Patent Application
20250170832
This application claims the benefit of European Patent Application No. 23212042.8 filed Nov. 24, 2023, which is hereby incorporated by reference herein in its entirety.
The disclosure relates to a system for ink jet printing with a printing device, a fixing device and a varnish applicator.
It is known to provide a system for ink jet printing, which has a printing device, a fixing device, and a varnish applicator.
Typical ink jet printing devices provide printheads that are provided with ink ejection nozzles. As a rule, these are arranged above a substrate run and are arranged to eject ink onto a substrate.

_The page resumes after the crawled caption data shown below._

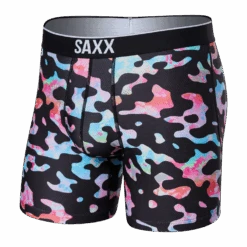 Saxx Volt Boxer Brief - Washed Out Camo Multi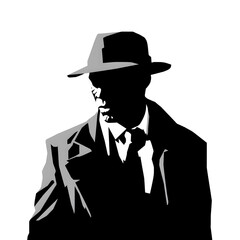 a gangster silhouette
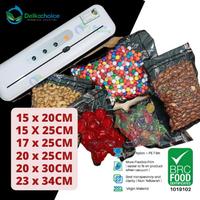 Gambar DELKOCHOICE Plastik Vacuum Bag HITAM EMBOSS Vakum BAG Embossed Premium - 23 X 34 CM dari Nusantara Packing Indo undefined 3 Tokopedia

For better coagulation or solidification of the ink, it is furthermore possible to provide printheads for the application of a primer, which are arranged in front of the printheads for ink-jet printing in the printing direction. The primer can improve the coagulation by pretreating the surface, so that solidification in situ is contributed by avoiding separation or smearing of the ink by destabilization. It can increase the adhesion of the ink applied below, so that flaking or smearing of the ink is avoided. It can also regulate the absorption of the ink into the material and prevent the penetration of pigments and color particles into the material. It can also help the ink to dry on the surface more quickly.
Typical fixing devices generally have one or more hot blowers. Heat radiators or heating elements on the substrate guides are also conceivable. These serve to dry the printed-on primer and the printed-on ink and thus to fix it. Depending on the ink, UV radiators and other forms of fixing devices may also be provided. The fixing device is mounted downstream of the printing device in the printing direction or substrate running direction.
Typical varnish applicators consist of a flexo varnish unit. This is provided with a varnish-coated applicator roller, which is adapted to apply a varnish, in particular a matte, protective or glossy varnish, mostly water-based, but not limited to, to a transfer roller and from there to apply it to a substrate with a printed and fixed primer and a printed and fixed ink. Alternatively, UV varnish may also be conceivable. The applicator roller is also referred to as the scoop roller or screen roller, in particular as the “anilox roller.” Furthermore, an impression roller or impression cylinder is provided so that the substrate is transported between the transfer roller and the impression cylinder. However, it is also conceivable to have varnish print heads. The varnish is used to make the printed image robust against abrasion, but also in particular to achieve a certain gloss.
The primer can interact with the varnish during application of the varnish in a manner similar to that previously interacted with the ink. This can cause problems.
A possible problem is a varnish failure. Varnish is no longer applied to the substrate, since it has already been cured on the applicator roller during interaction with the primer by agglomeration of the solid particles.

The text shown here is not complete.